You know I like my chicken fried. Or so I thought.

After working through a variety of recipes for fried chicken from Paula Deen to Thomas Keller to Americas Test Kitchen, I came to the conclusion - I'm not actually looking for fried chicken at all. I'm looking for baked chicken that's crunchy, full of flavor and tastes like it has been fried, but it's baked. So here is the final result, tested for you and approved by all, including men and children.

Crunchy Fried (Baked) Chicken by FoodaLuna

2 cups buttermilk
1/4 cup sour cream
1 tablespoon Louisiana style hot sauce
1/2 yellow onion, sliced
1/2 pkg dry Ranch mix
Kosher salt and freshly ground black pepper
Chicken - 3#, boneless, skinless breasts and/or thighs, rinsed and patted dry

2 cups plain panko bread crumbs, toasted
1/2 pkg dry Ranch mix
1 teaspoon dried thyme
2 teaspoons paprika
1/2 teaspoon each - garlic, onion powder
Kosher salt and freshly ground black pepper

Preheat the oven to 400 degrees.  Fit a sheet tray with a wire rack and spray with nonstick cooking spray. The sheet tray/rack combo is critical for crunch.

Mix together buttermilk, sour cream, hot sauce, onion, ranch mix, salt and pepper in a glass baking dish. Add chicken and coat with wet mixture. Cover with plastic wrap and place in the refrigerator for 3 hours, up to 12 hours.

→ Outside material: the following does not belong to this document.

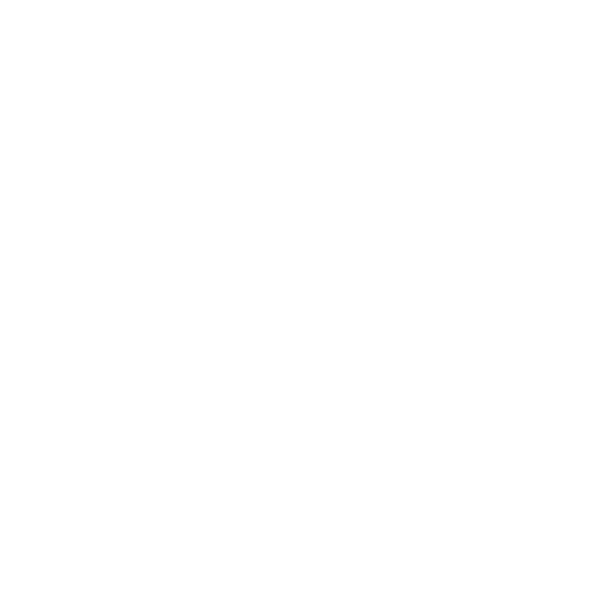 a black and white logo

Mix panko, ranch mix and spices together in a large pie plate. Season with salt and pepper. Remove chicken from the buttermilk and let the excess drip off.  Dredge through the panko breading, pressing to help it adhere. Spray the top with cooking spray.

Place on the wire rack-fitted sheet tray and bake for 40-50 minutes until golden brown and crunchy (internal temp is 165 degrees or juices run clear).